Given data:
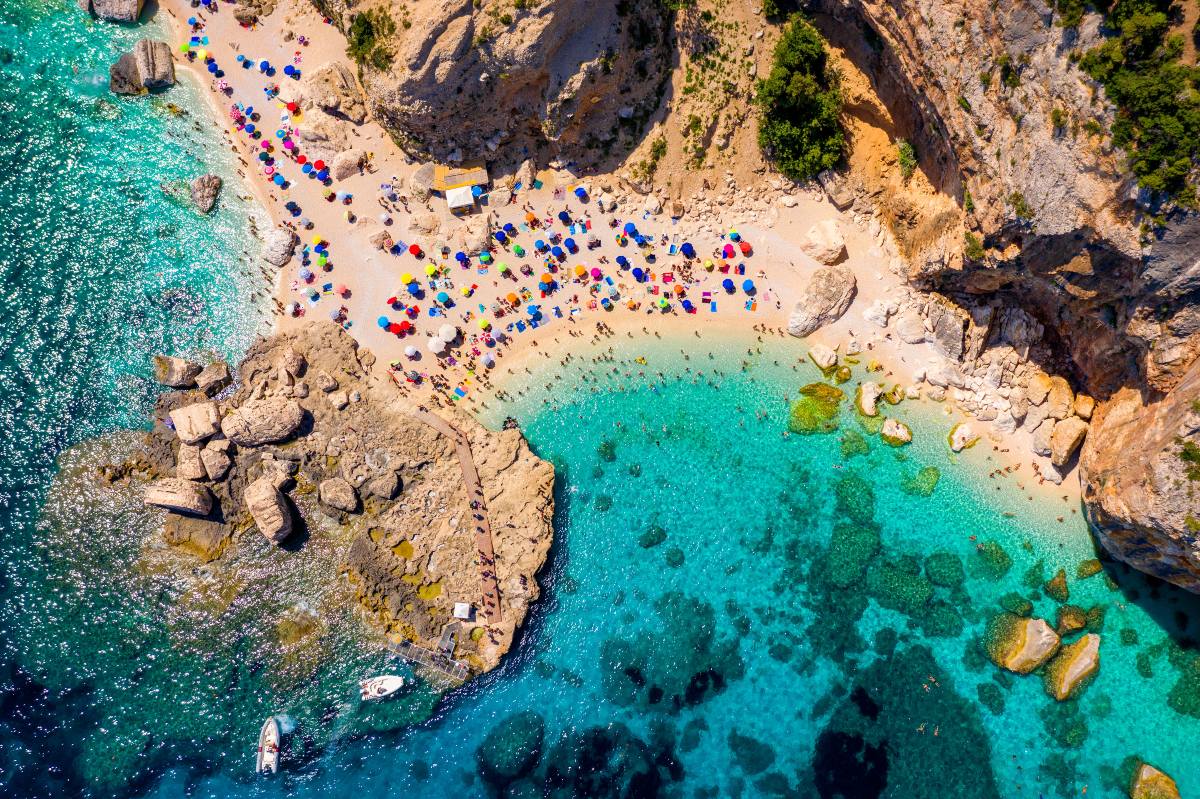 Παραλία Cala Mariolu στην Ιταλία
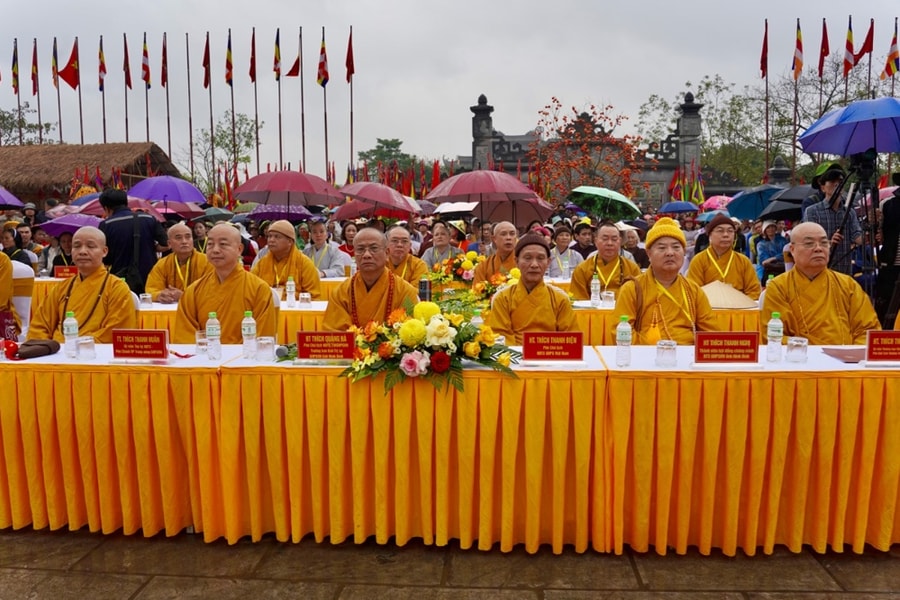 Khai hội chùa Bái Đính 2026 ngày mùng 6 Tết: Hàng nghìn du khách đổ về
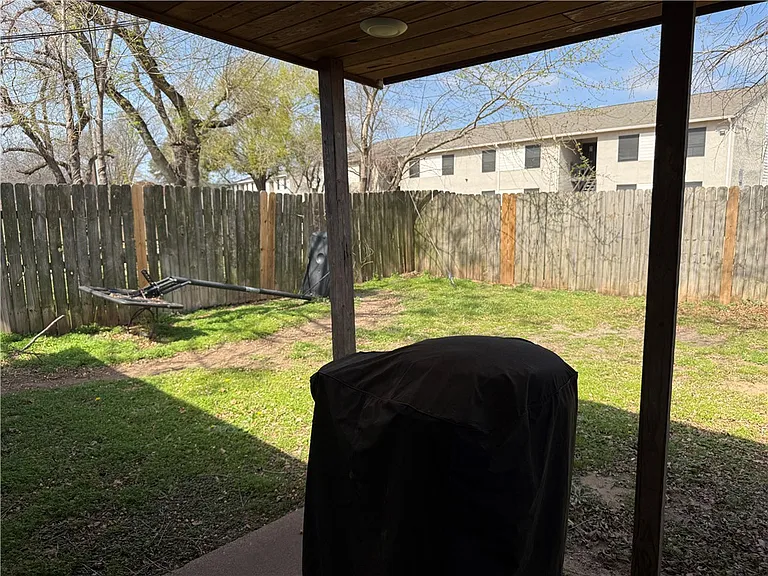 1533 Hillside Dr — Photo 22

Problem requirements: Please output all the data exactly as given, with the pictures omitted.

Result:
 Παραλία Cala Mariolu στην Ιταλία
 Khai hội chùa Bái Đính 2026 ngày mùng 6 Tết: Hàng nghìn du khách đổ về
 1533 Hillside Dr — Photo 22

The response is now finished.